Aim of the task: Everything from the line containing "Serpe De Jardin Polet Manche En Cuir Pour Débroussailler" through the last line of the listing below should be returned exactly, except for pictures.

Provided material:

---+---

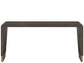 Universal - Fenwick Embossed Console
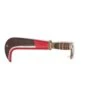 Serpe De Jardin Polet Manche En Cuir Pour Débroussailler Et ébrancher -Promesse de fleurs Magasin serpe de jardin polet manche en cuir pour debroussailleret 99092 1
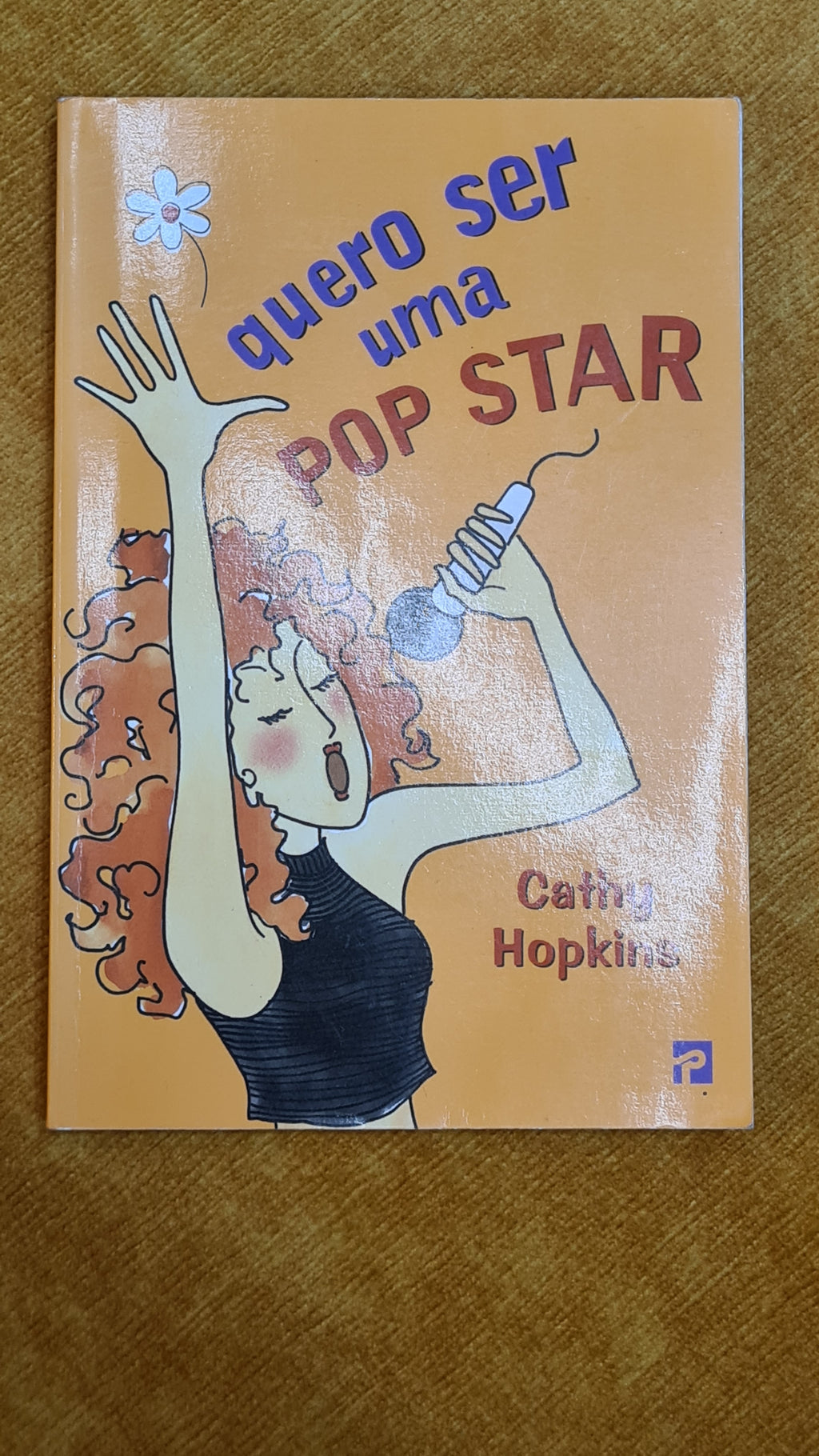 I Wanna Be a Pop Star - Girlfriends' Club 98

---+---

Your solution:
 Serpe De Jardin Polet Manche En Cuir Pour Débroussailler Et ébrancher -Promesse de fleurs Magasin serpe de jardin polet manche en cuir pour debroussailleret 99092 1
 I Wanna Be a Pop Star - Girlfriends' Club 98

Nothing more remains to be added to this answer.